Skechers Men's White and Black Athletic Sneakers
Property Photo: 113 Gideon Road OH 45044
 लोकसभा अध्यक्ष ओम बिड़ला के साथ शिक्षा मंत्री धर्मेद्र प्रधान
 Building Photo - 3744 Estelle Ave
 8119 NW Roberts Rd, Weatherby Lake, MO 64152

What this task involves
Each line above, from the one that contains "Building Photo - 3744 Estelle Ave" to the last line of the records, should be repeated exactly. Leave out all others.

Reply to the task
 Building Photo - 3744 Estelle Ave
 8119 NW Roberts Rd, Weatherby Lake, MO 64152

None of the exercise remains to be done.